After the First World War, Italy found itself facing civil unrest, as many of its citizens were inspired by the events of the Russian Revolution.

This led to the liberal establishment – fearing a repeat of what had happened in Russia – looking to the small but growing National Fascist Party, formed in 1919 and led by its creator, Benito Mussolini.

​The Fascists had grown in strength since their formation, gaining much of their support from unemployed war veterans, who had been organised into intimidating and violent squads, known as ‘Black Shirts’ due to the colour of their clothing.

They proved to be an increasingly aggressive and very visual presence as the Fascists grew in power and influence. 
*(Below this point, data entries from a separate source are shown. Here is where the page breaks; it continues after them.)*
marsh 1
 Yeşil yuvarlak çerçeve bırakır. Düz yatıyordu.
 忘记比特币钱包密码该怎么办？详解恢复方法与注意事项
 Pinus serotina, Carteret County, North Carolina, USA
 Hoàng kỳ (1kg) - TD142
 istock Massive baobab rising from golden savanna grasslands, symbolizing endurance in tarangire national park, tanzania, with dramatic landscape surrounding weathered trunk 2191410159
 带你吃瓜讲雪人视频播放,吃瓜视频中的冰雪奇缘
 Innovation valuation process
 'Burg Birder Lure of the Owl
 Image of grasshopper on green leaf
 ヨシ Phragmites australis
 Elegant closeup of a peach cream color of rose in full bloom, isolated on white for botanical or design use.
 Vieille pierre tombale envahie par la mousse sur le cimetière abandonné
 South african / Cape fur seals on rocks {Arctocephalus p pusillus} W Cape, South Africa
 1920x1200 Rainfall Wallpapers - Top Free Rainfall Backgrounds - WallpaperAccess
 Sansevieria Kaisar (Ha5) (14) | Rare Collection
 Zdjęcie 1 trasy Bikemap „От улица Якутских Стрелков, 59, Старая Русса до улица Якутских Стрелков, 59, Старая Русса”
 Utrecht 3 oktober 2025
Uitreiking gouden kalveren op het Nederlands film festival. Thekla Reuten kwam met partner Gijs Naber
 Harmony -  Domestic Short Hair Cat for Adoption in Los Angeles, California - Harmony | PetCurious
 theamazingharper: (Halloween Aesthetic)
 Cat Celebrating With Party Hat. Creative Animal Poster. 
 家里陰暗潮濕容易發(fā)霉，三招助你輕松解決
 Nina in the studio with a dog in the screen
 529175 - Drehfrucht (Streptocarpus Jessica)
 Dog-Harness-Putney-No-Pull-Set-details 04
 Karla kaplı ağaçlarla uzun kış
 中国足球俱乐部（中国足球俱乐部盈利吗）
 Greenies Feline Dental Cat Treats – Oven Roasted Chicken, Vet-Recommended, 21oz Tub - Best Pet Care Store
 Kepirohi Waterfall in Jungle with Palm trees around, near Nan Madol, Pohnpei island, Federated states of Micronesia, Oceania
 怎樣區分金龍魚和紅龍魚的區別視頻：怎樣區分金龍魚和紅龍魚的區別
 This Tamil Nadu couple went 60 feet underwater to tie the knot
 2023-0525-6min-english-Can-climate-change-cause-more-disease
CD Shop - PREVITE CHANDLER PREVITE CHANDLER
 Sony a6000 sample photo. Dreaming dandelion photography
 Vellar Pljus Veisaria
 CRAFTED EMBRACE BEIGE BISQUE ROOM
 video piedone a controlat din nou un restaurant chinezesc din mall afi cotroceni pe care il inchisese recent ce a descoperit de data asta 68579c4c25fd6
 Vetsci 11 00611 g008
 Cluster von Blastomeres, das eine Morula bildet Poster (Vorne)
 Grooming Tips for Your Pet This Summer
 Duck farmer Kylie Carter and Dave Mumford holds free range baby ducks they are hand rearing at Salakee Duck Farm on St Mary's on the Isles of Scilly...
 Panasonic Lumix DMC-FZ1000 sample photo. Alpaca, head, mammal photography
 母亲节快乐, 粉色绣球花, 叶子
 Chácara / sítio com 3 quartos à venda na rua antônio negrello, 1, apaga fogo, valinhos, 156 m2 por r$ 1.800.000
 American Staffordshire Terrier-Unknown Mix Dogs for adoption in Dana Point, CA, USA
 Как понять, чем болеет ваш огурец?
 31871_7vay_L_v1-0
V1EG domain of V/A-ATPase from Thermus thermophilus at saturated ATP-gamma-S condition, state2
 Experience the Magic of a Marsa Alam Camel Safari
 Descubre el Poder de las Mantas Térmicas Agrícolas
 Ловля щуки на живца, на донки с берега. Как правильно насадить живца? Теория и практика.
Fascist and Italian leader ('Duce'), Benito Mussolini.


A new fascist government

​In October 1922, an attempted coup (The “March on Rome”) by the ‘Black shirts’ – essentially the foot soldiers of the National Fascist Party - failed, but the events so alarmed King Victor Emmanuel III that he refused to announce a state of siege and instead appointed Mussolini as prime minister. Although this act avoided any armed conflict in Italy, it instead handed power to the Fascists. Over the next few years Mussolini – now ruling as a dictator - banned all political opposition, and restricted personal liberties for the population. These actions drew international attention and inspired similar and led to similar governments being formed in Germany (Hitler) and Spain (Franco).

Italian Fascist propaganda poster from the late 1930's, referencing the Second Italo-Ethiopian war.


Antisemitism

Unlike Hitler’s Germany, Mussolini’s Italy did not initially adopt anti-Semitic policies, with Mussolini himself wavering between tolerance and ambivalence regarding Jewish Italians. A number were members of his own fascist party. 

​However, despite opposition from many quarters (some felt antisemitism was nothing to do with fascism) Italy adopted antisemitism, promoting anti-Semitic propaganda during its support for Franco’s nationalist forces in the Spanish Civil War

Under pressure from Germany, Mussolini officially adopted a policy of antisemitism in 1938, despite it being an extremely unpopular move, both in the Fascist Party, and Italy itself.

Young Italian boys in the fascist youth group, the Opera Nazionale Balilla.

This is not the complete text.